**DATA LISTING**
- Opening Delimiter -

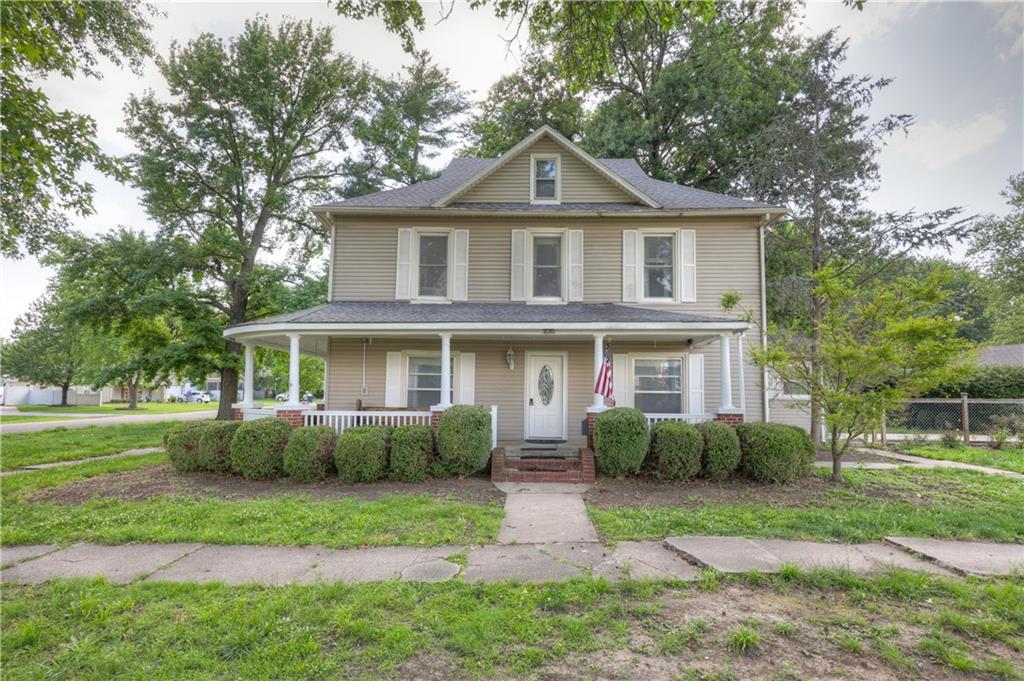 235 S Minnesota Avenue, Columbus, KS 66725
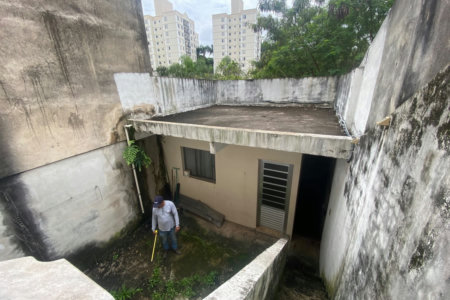 Casa à venda com 2 quartos em Jardim Alvorada, oportunidade para investidor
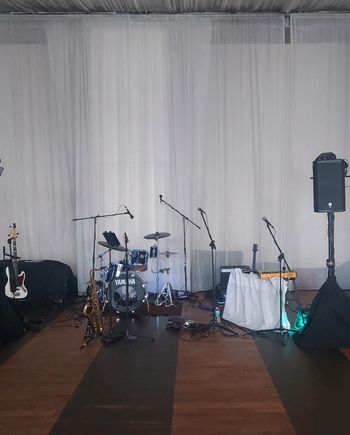 Full Band Tonight

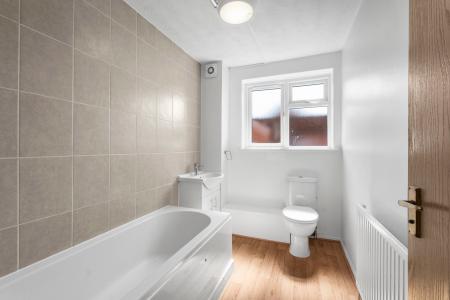 1 bedroom Flat for sale in Winch Close, Codicote, SG4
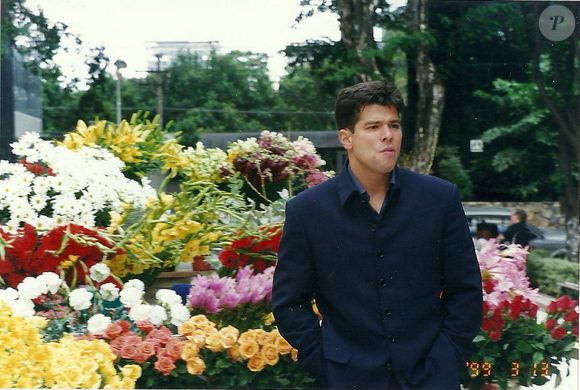 Maurício Mattar mostrou uma beleza mais madura em 'Louca Paixão', novela da Record TV de 1999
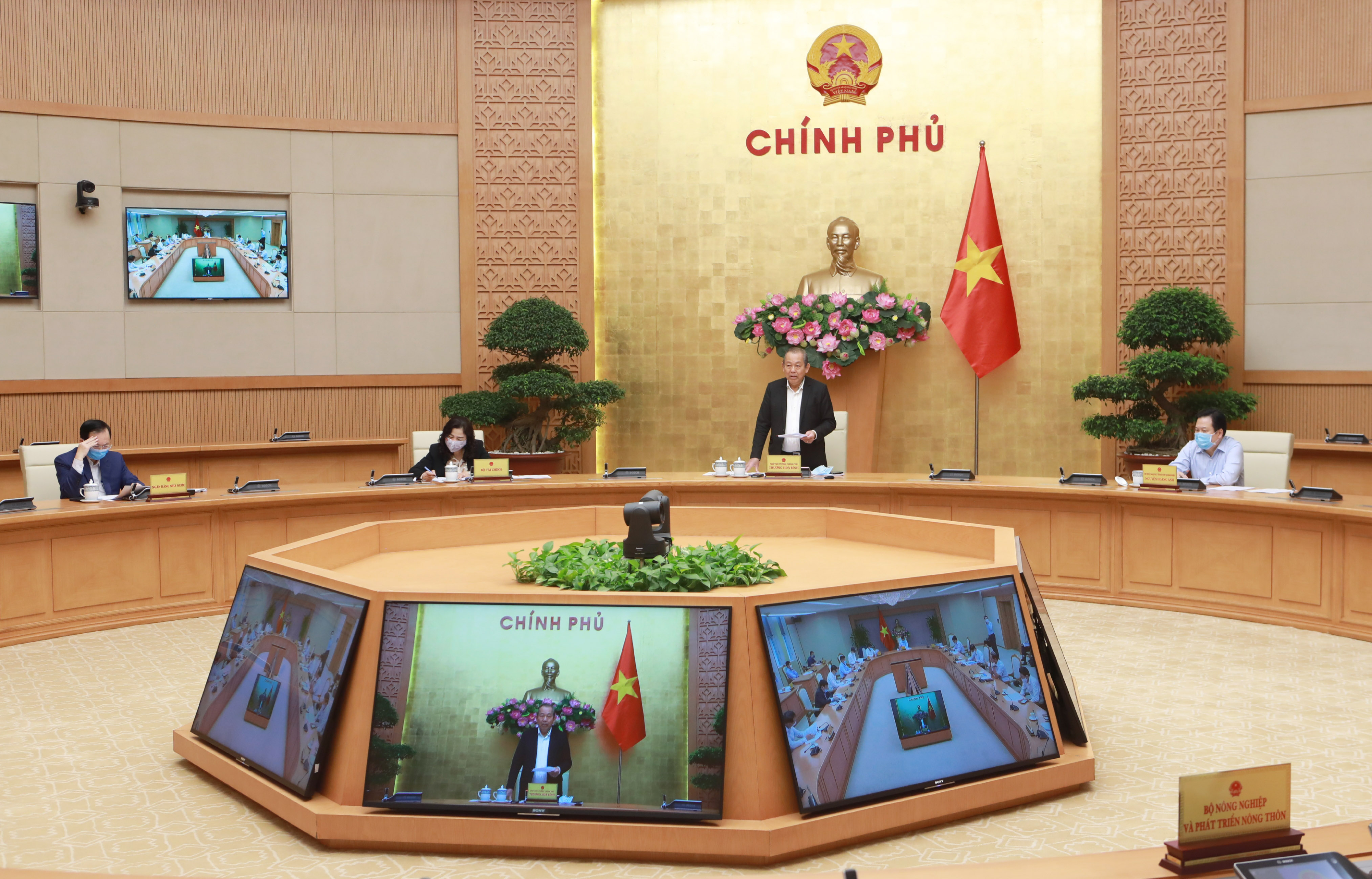 Phó Thủ tướng Thường trực Chính phủ Trương Hòa Bình phát biểu kết luận cuộc họp.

- Closing Delimiter -

Copy the records exactly. Skip the images.

 235 S Minnesota Avenue, Columbus, KS 66725
 Casa à venda com 2 quartos em Jardim Alvorada, oportunidade para investidor
 Full Band Tonight

 1 bedroom Flat for sale in Winch Close, Codicote, SG4
 Maurício Mattar mostrou uma beleza mais madura em 'Louca Paixão', novela da Record TV de 1999
 Phó Thủ tướng Thường trực Chính phủ Trương Hòa Bình phát biểu kết luận cuộc họp.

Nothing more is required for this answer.